Et qui sont vénères, en plus – ils ne veulent aucun débat et aucune proposition concrète, non plus. Si l’on a encore le désir que le groupement existe, c’est qu’il n’existe aucun autre moyen d’échanger, au niveau local, et de ne pas se sentir seuls – il faut quand même un minimum de corps physiques rassemblés, si ce n’est que pour prendre la photo. Mais je suppose que ceux qui ont les moyens de faire des sauts à Lyon, Toulouse, Marseille, Paris ou Strasbourg, à Notre Dame des Landes, le Marais Poitevin ou Clermont l’Hérault, vont progressivement se détacher des ploucs sans essence, qui seront réduits à les voir passer comme des étoiles, au-dessus de leurs quartiers chauffés à blanc.
Je ne me suis pas senti seul parce qu’une très vieille dame est venue me chuchoter, avant de partir, qu’elle était très d’accord avec moi, qu’elle-même, elle faisait pousser des plantes sur son balcon (on sait que c’est dans les bidonvilles, sur des surfaces minuscules et sans aucun expert qu’il y a l’usage le plus efficace de l’eau pour faire pousser les légumes), et elle m'a dit « pourquoi est-ce qu’ils n’ont pas répondu à votre question, hein ? » – j’étais super content, en fait, de ce petit acte d’empathie. Une autre dame a eu la gentillesse de me remarquer que j’ai mis ma chemise à l’inverse, tout le monde n’est pas mauvais.
Il m’arrive de penser que dans ce monde de machines, nous sommes maintenant considérés comme des idiots qu’il faut gérer, idéalement cloués sur place avec des puces pour tracer tous nos mouvements, des « rule-based-systems », c’est-à-dire des intelligences artificielles des années 1980, tandis que les algorithmes numériques ont la liberté de créer, en libre association d’idées, sans devoir prouver qu’il y a méthode à leur folie. Moi je pense que celui qui le pense l’est – et que si la solution technique est de demander à Chat GP machin, bye bye celui qui pense de lui-même.

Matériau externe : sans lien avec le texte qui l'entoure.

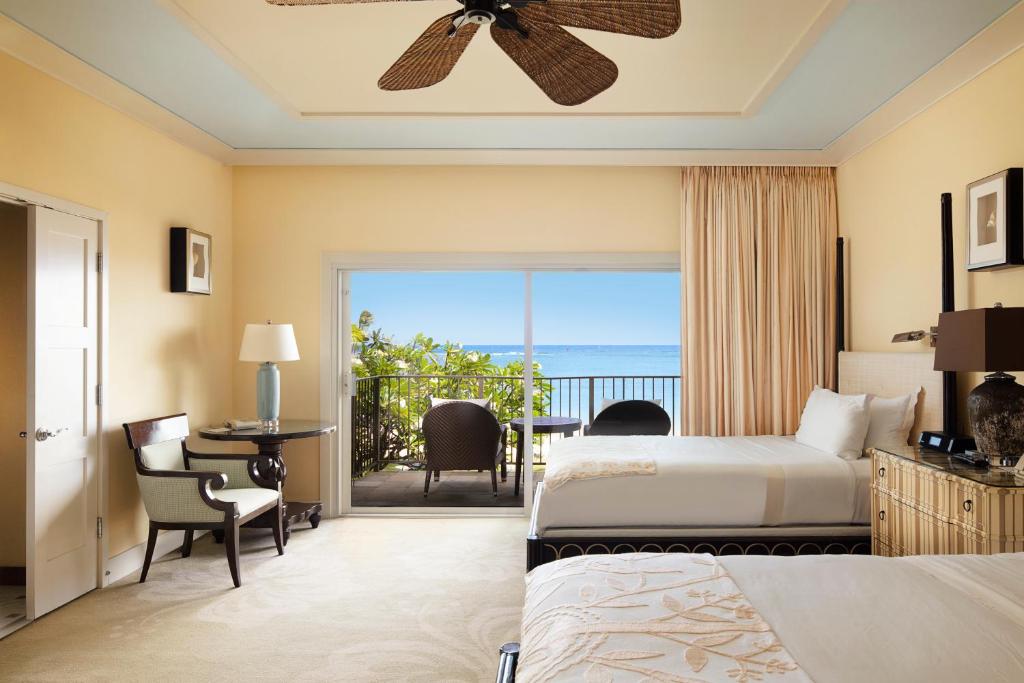 The Kahala Hotel and Resort - Beach Front Balcony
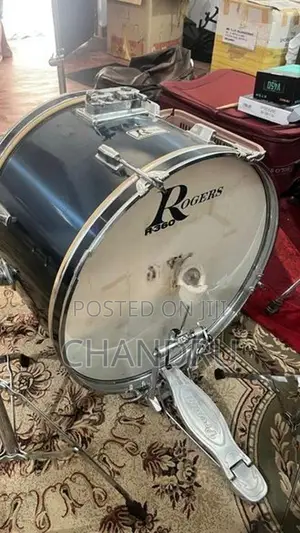 Used Roggers R360 Acoustic Drum Set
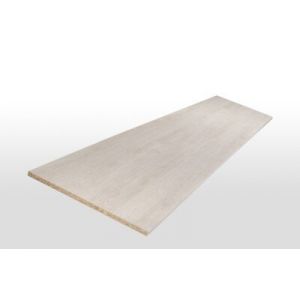 Tablette m&eacute;lamin&eacute;e ch&ecirc;ne antique 120x40x1.8cm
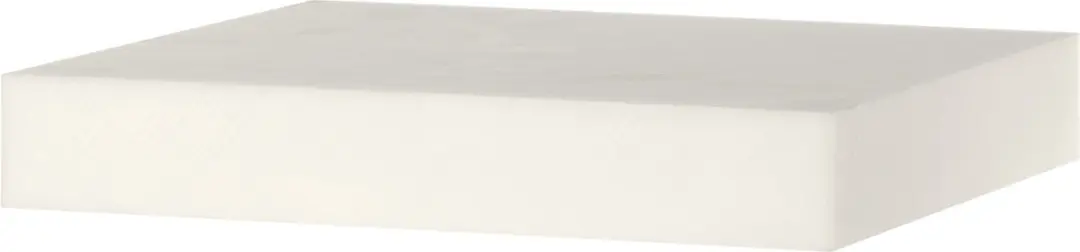 HENDI Hakblok HDPE 500x400x50mm - Wit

Si je n’écris pas de la fiction, c’est parce que les faits sont là et l’on m’a dit qu’il faut absolument un récit.
L’autre événement – auquel je n’ai pas pu assister, c’était sur l’alimentaire, à la Mosson, il y avait clash d’horaires, à part le fait que c’est devenu un peu zone de guerre, ces derniers jours. ‘On’ m’a expliqué que c’est parce que ce sont des groupes exclusifs. Donc, pas de quoi manger, non plus, on se sent un peu intercalaire.